The accuracy for the test using Feature 2 is: 0.792


#### The gender feature 3 extractor uses first letter, last letter and three suffixes as its feature

In [10]:
def gender_features3(name):
    features = {}
    features["firstletter"] = name[0].lower()
    features["lastletter"] = name[-1].lower()
    for letter in 'abcdefghijklmnopqrstuvwxyz':
        features["count(%s)" % letter] = name.lower().count(letter)
        features["has(%s)" % letter] = (letter in name.lower())
    features["suffix2"] = name[-2:].lower()
    features["suffix3"] = name[-3:].lower()
    features["prefix3"] = name[:3].lower()
    return features

#### Train feature 3 data using Naive Bayes

In [11]:
train_set = [(gender_features3(n), g) for (n,g) in training]
dev_test_set = [(gender_features3(n), g) for (n,g) in dev_test]
classifier = nltk.NaiveBayesClassifier.train(train_set)

acc_dev_test_3 = nltk.classify.accuracy(classifier, dev_test_set)
print("The accuracy for the dev using Feature 3 is: " + str(acc_dev_test_3))

The accuracy for the dev using Feature 3 is: 0.824


In [12]:
# Performance test - Feature 3
test_set = [(gender_features3(n), g) for (n,g) in test]
test_set_3 = nltk.classify.accuracy(classifier, test_set)
print("The accuracy for the test using Feature 3 is: " + str(test_set_3))

The accuracy for the test using Feature 3 is: 0.806


In [13]:
def gender_features4(name):
    
    features = {}
    keywords = [''.join(i) for i in itertools.product(ascii_lowercase, repeat = 2)]
    
    #look at first, first2, last, last2 letters of name
    #apply .lower() method to convert all text to lowercase
    features["first_letter"] = name[0].lower()
    features["first_2letter"] = name[0:1].lower()
    features["last_letter"] = name[-1].lower()
    features["last_2letter"] = name[-2:-1].lower()
    
    for letter in ascii_lowercase:
        features["has({})".format(letter)] = (letter in name.lower())

        for keyword in keywords:
            features["combo2({})".format(keyword)] = (keyword in name.lower())
            
        return features

In [14]:
train_set = [(gender_features4(n), g) for (n,g) in training]
dev_test_set = [(gender_features4(n), g) for (n,g) in dev_test]
classifier = nltk.NaiveBayesClassifier.train(train_set)
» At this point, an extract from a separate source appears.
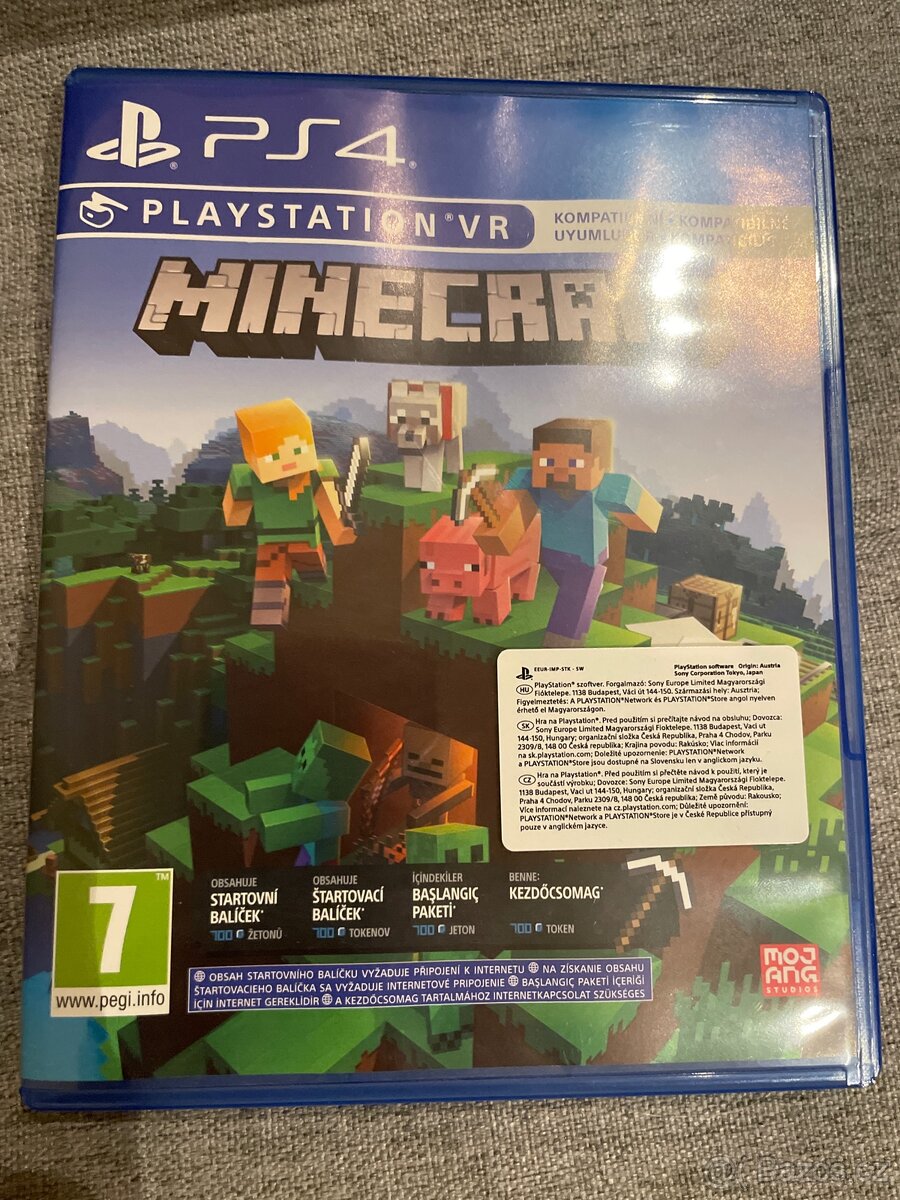 Hra Minecraft na PS4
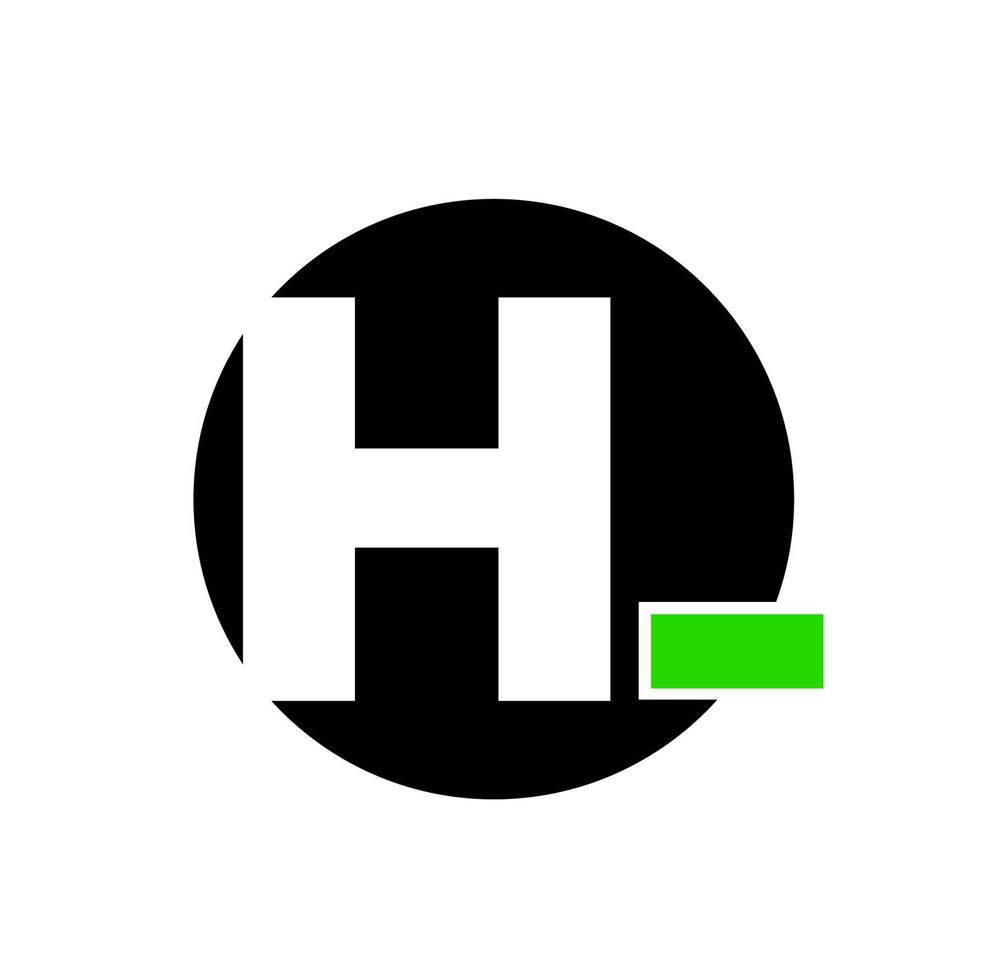 h empresa nombre inicial letra monograma vector. h icono. vector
acc_dev_test_4 = nltk.classify.accuracy(classifier, dev_test_set)
print("The accuracy for the dev using Feature 3 is: " + str(acc_dev_test_4))

The accuracy for the dev using Feature 3 is: 0.816


In [15]:
# Performance test - Feature 4
test_set = [(gender_features4(n), g) for (n,g) in test]
test_set_4 = nltk.classify.accuracy(classifier, test_set)
print("The accuracy for the test using Feature 4 is: " + str(test_set_4))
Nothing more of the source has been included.